To open up these considerations, it should be pointed out that even though law is not value-free, it enjoys a special position within the society (Smart, 1989; Fredman, 1997). Smart (1989, p. 10) warns that law “sets itself above other knowledges like psychology, sociology, or common sense” and claims to reflect the “truth”. At the same time, the author highlights that legal language, procedures and methods are “fundamentally anti-feminist or (…) bear no relationship to the concerns of women’s lives” (Smart, 1989, p. 160). There is an analogy between law and “what might be called a ‘masculine culture’” (Smart, 1989, p. 2). Therefore, Smart (1989, p. 2) cautions that “in taking on law, feminism is taking on a great deal more as well”.

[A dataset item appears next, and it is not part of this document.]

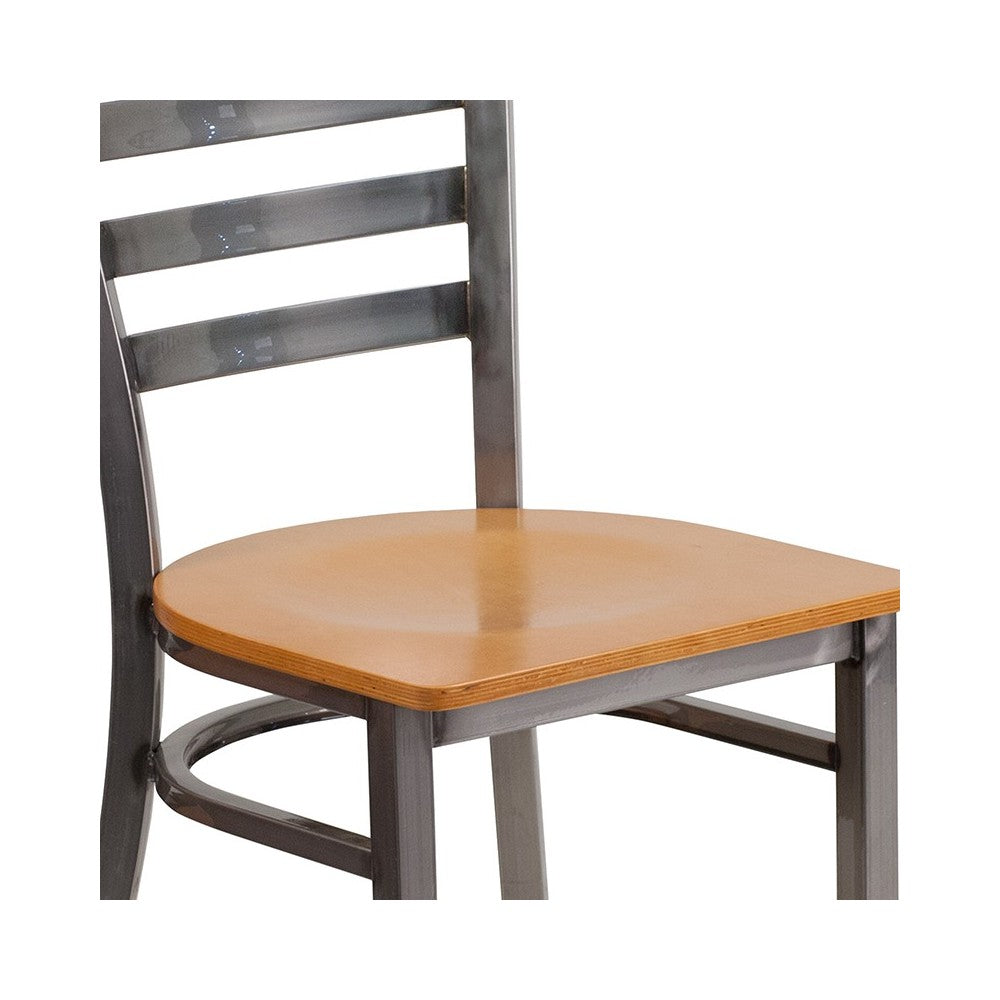 Clear Coated Ladder Back Metal Restaurant Chair - Natural Wood Seat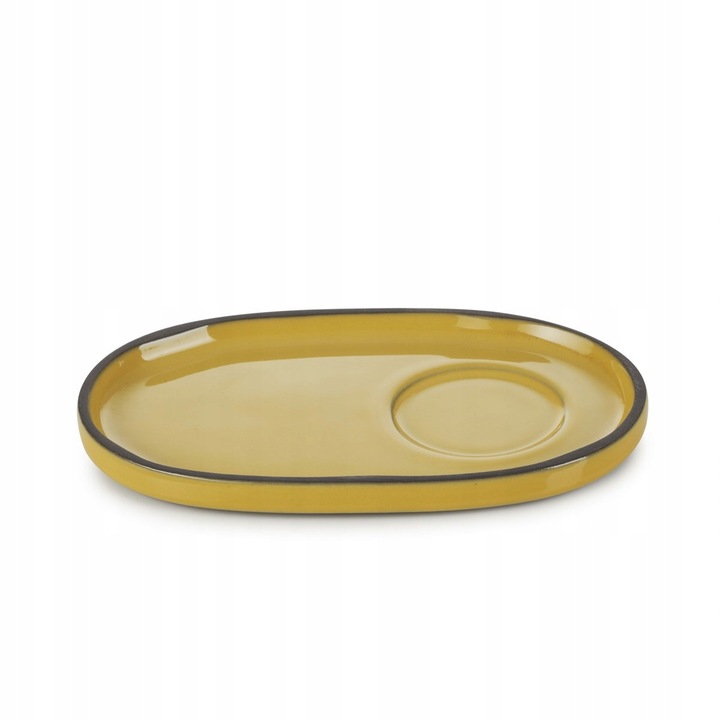 Revol Caractere ovális tányér, porcelán, csésze mélyedéssel, kurkuma sárga, 18 x 11.1 cm, magasság 1.5 cm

In a similar vein, Roberta Guerrina and Marysia Zalewski (2007, p. 7) point out that “the concept of rights might be so irredeemably tainted by its association with the Western liberal tradition that it cannot be useful to women”. Hence, human rights can actually be perceived as a Western creation, with Western understanding of gender, equality, justice, culture as well as stereotypes. Therefore, feminist scholars argue that law fails to be neutral and highlight the influence of the dominant interests on its contents.
This challenges the idea of law as being above particular interests and expressing “universally” (in the national/regional context) accepted values. Sandra Fredman (1997, p. 2) notices that since law is made by the people in power, it is not “a disembodied force”. Feminist scholars highlight that law is a product of the already-existing social, political and economic structures. As such, law reflects and perpetuates the patriarchal social order. Because men have constituted (and still do) a majority of lawmakers, but more importantly, because they have “dominated over women”, the interests represented in the legal systems are generally male (Fredman, 1997, pp. 1–3). In fact, feminists argue that the “objectivity” of law highlighted by legal liberalism reflects “the male perspective” (Hunter, 2013; Smart, 1989). Even human rights instruments marginalise women’s voices by considering the male position to be “universal” (Otto, 2005, p. 105). If law mirrors the current patriarchal order, can it be effectively used to eradicate deeply rooted gender stereotypes?
As Eva Brems and Alexandra Timmer (2016) highlight, in essence legal norms are based on generalisations. The authors point out that the legal driving age is based on an assumption that children are reckless (also : Timmer, 2011, p. 718). In this example, law does not take into account that a particular 15-year-old might be mature enough to drive or that a specific adult might be too reckless to be a responsible driver. In the same way, legal norms can reflect harmful gender stereotypes. For instance, the Irish Constitution states that through “her life within the home”, woman gives the state support necessary for achieving the “common good” (Art 41 (2)). Therefore, being grounded in the stereotype that woman’s main role is being a homemaker (Cook & Cusack, 2010, pp. 22–23).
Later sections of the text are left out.